The new authority should help SpaceX meet “the growing user demands that now require connectivity while on the move,” wrote FCC International Bureau Chief Tom Sullivan in the approval, “whether driving an RV across the country, moving a freighter from Europe to a U.S. port, or while on a domestic or international flight.”
Earlier this year, Starlink began selling Starlink for RVs, but the service wasn’t designed to work on the move. It was intended for users traveling to areas with slow or no broadband alternatives.
The new approval specifically grants SpaceX authority to operate consumer and enterprise Ku-band Earth Stations in Motion (ESIM) in the 12 GHz band. However, the FCC granted the approval with some conditions.

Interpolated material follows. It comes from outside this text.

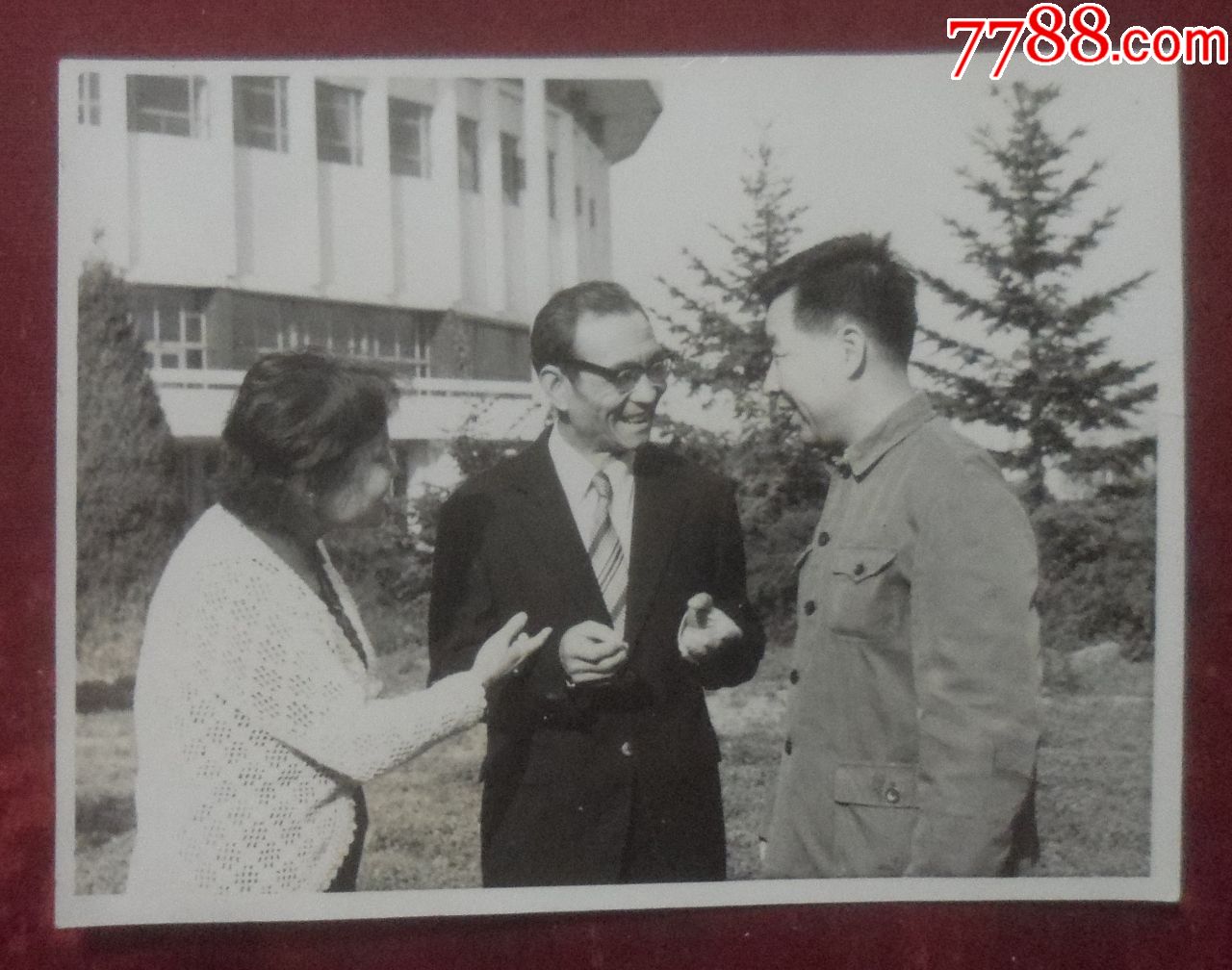 著名电影演员陈述,八十年代初曾来沈阳辽宁体育馆演出,9厘米-12厘米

First, SpaceX has to accept that there could be interference from other current and future operators in the 12 GHz band. SpaceX’s authority to operate in the band is unprotected, so if other services interfere with the quality of SpaceX’s service, that’s simply too bad. The FCC also is requiring SpaceX to disclose to its customers that there’s no expectation of interference protection.
The FCC granted SpaceX its new authority over the objections of a handful of other service providers. Satellite broadband provider Viasat, RS Access (a wireless network service backed by Michael Dell), and DISH all petitioned against it. DISH and RS Access already operate in the 12 GHz band, while Viasat is a manufacturer of Ku-band equipment, a provider of Ku-band satellite connectivity, and a Ku-band ESIM licensee.
Meanwhile, SpaceX is in a separate, broader regulatory tussle with DISH and RS Access over whether the 12 GHz band should be available for both ground-based and space-based services. The FCC has yet to rule on that matter.